Testigos del centro relataron a las autoridades que el agresor había mostrado signos de agitación previa al incidente, posiblemente relacionados con su condición de interno en rehabilitación. La detención de Ávila Moradel se llevó a cabo en el mismo sitio, donde elementos de la Comisión Estatal de Seguridad Pública lo aprehendieron sin resistencia, gracias a las declaraciones de otros residentes que lo señalaron directamente. Además del homicidio, se le imputaba el sacrificio cruel de un perro que formaba parte de las mascotas del albergue, un acto que indignó a la comunidad religiosa y vecinal.
Golpes en custodia: la hipótesis de la agresión interna
De manera extraoficial, trascendió que Ávila Moradel llegó a la Ciudad Judicial con visibles hematomas y contusiones en el rostro y el abdomen, lesiones que no habían sido reportadas en su detención inicial del viernes. Autoridades penitenciarias confirmaron que, durante su traslado y estancia en un anexo de la cárcel estatal, el detenido fue víctima de una golpiza perpetrada por otros reclusos, motivada aparentemente por el repudio al crimen contra el pastor, figura respetada en círculos evangélicos de Juárez.
El Ministerio Público ya abrió una carpeta de investigación paralela para esclarecer las circunstancias de esta presunta agresión en custodia, que podría derivar en cargos contra los responsables internos. Mientras tanto, el cuerpo de Ávila Moradel fue trasladado al Servicio Médico Forense para la autopsia, cuyos resultados preliminares apuntan a un paro cardiorrespiratorio inducido por las lesiones traumáticas. La familia del pastor Cabañas, contactada por este medio, expresó su dolor por la pérdida, pero evitó comentar sobre el fallecimiento del presunto agresor, enfocándose en la memoria del difunto como un pilar de fe y apoyo comunitario.
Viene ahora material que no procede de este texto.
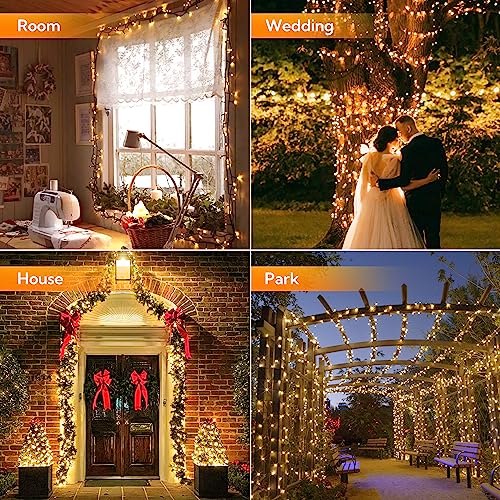 woohaha 2 Pack Solar Outdoor String Lights,Total 144ft 400 LED Solar Christmas Lights with Remote and Timer, 8 Modes Twink...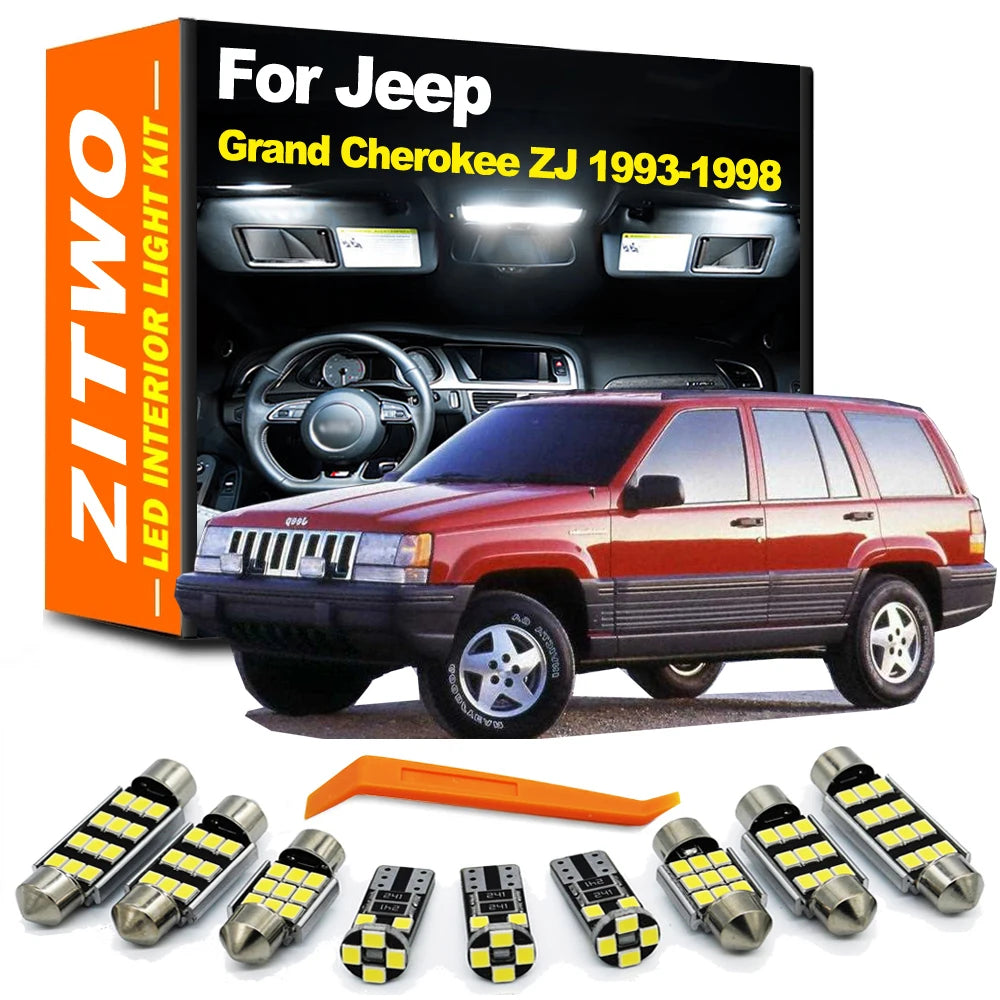 ZITWO 14Pcs For Jeep Grand Cherokee ZJ 1993 1994 1995 1996 1997 1998 LED Bulb Interior Dome Map Trunk Vanity Mirror Light Kit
El suceso ha puesto en la mira las condiciones de seguridad en los centros de detención temporal de la región, donde incidentes similares han sido denunciados en el pasado. Las autoridades judiciales de Chihuahua anunciaron que las audiencias afectadas se reprogramarán para las próximas horas, garantizando el debido proceso en los casos pendientes.